Could you print exactly the lines from the one that contains "AI-generated content may be incorrect." to the end of the data, both ends included, and nothing else? Skip the pictures.

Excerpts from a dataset
────────────────────────────────────────

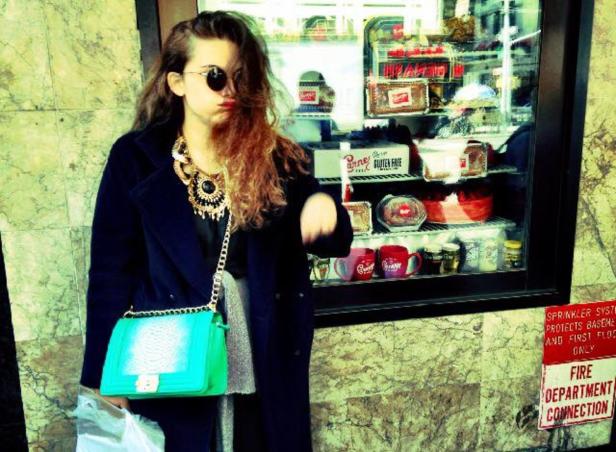 Eine junge Frau mit Sonnenbrille, auffälliger Halskette und grüner Handtasche steht vor einem Schaufenster.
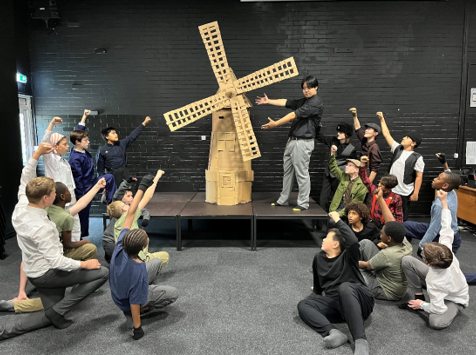 A group of people sitting on a stage with a person standing in front of a windmill

AI-generated content may be incorrect.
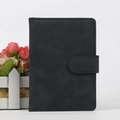 Matte black RFID blocking passport cover with snap button closure and embossed logo - Black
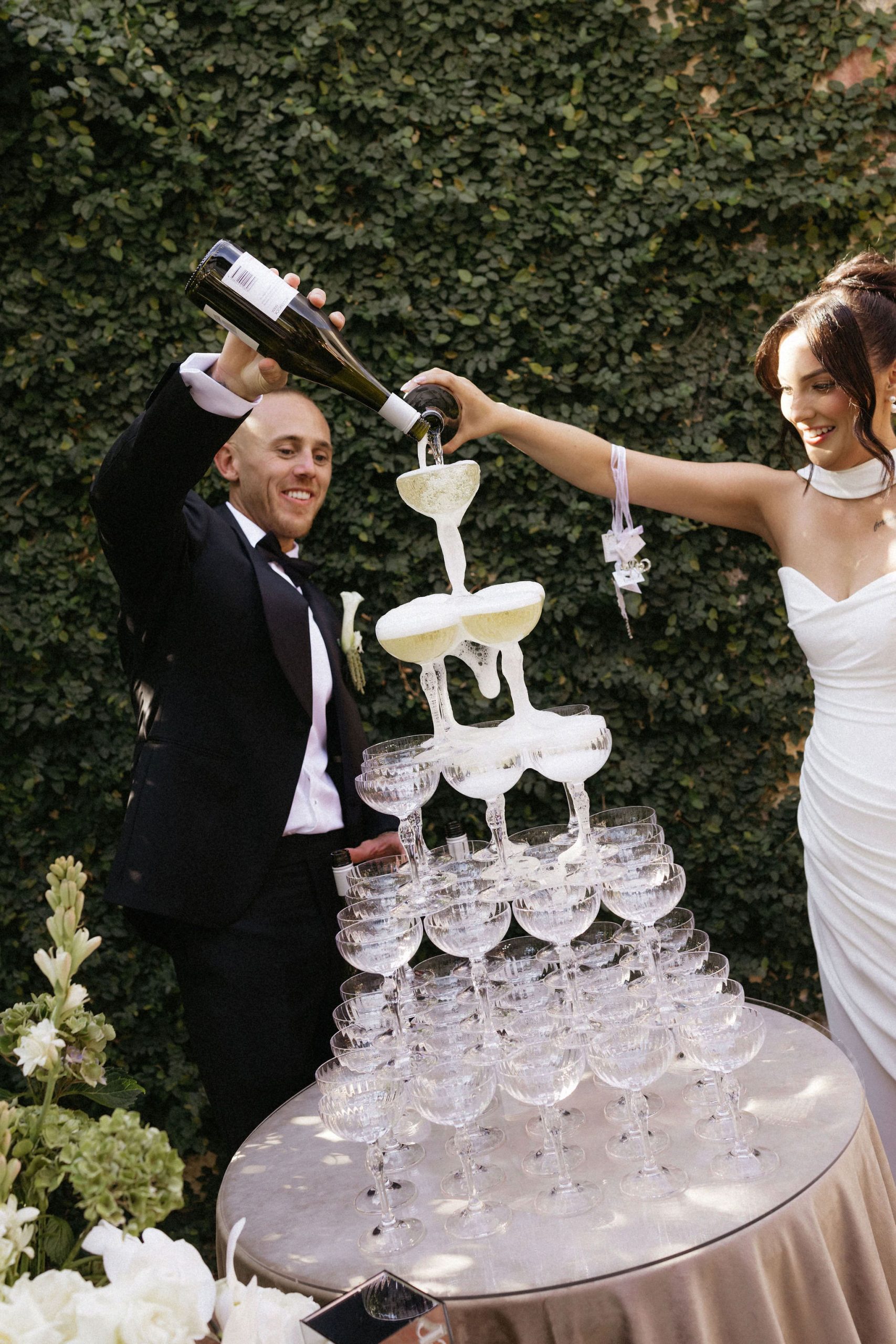 Bride and groom pouring champagne into champagne tower in garden at House on Haines styled by The Modern Approach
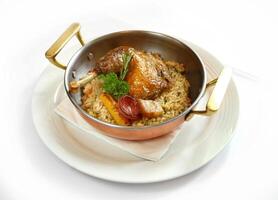 Maria Isabel chicken with rice, bacon, sausage and fried cassava photo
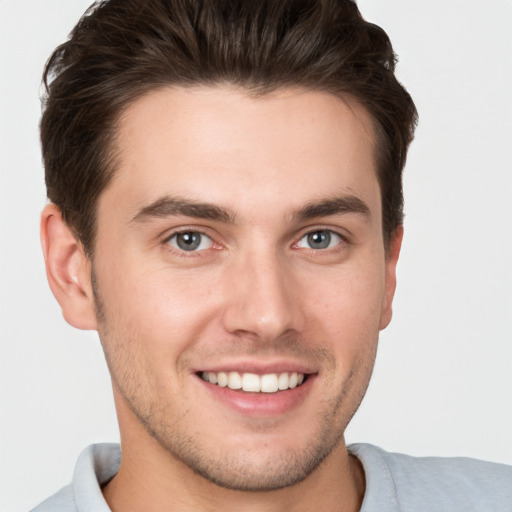 Joyful white young-adult male with short  brown hair and grey eyes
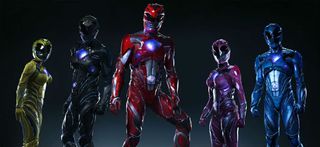 Power Rangers stand together in their suits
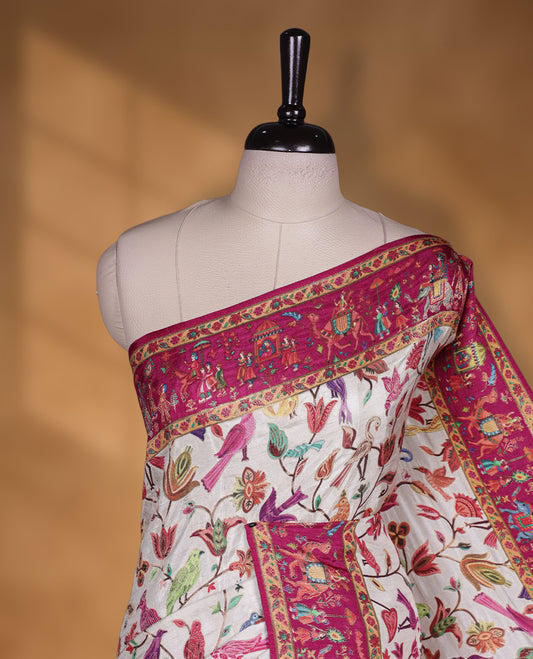 Ivory colour Pashmina silk saree intricately woven with multicolour birds and floral vines on the body, framed by a vibrant pink zari border and grand storytelling pallu with royal procession motifs, paired with a matching woven border blouse piece.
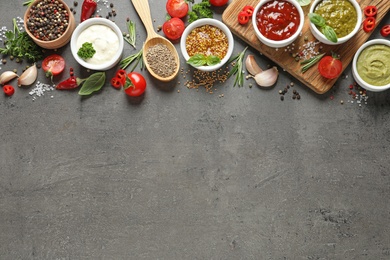 Photo of Flat lay composition with different sauces and space for text on gray background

────────────────────────────────────────

(Worked solution)
AI-generated content may be incorrect.
 Matte black RFID blocking passport cover with snap button closure and embossed logo - Black
 Bride and groom pouring champagne into champagne tower in garden at House on Haines styled by The Modern Approach
 Maria Isabel chicken with rice, bacon, sausage and fried cassava photo
 Joyful white young-adult male with short  brown hair and grey eyes
 Power Rangers stand together in their suits
 Ivory colour Pashmina silk saree intricately woven with multicolour birds and floral vines on the body, framed by a vibrant pink zari border and grand storytelling pallu with royal procession motifs, paired with a matching woven border blouse piece.
 Photo of Flat lay composition with different sauces and space for text on gray background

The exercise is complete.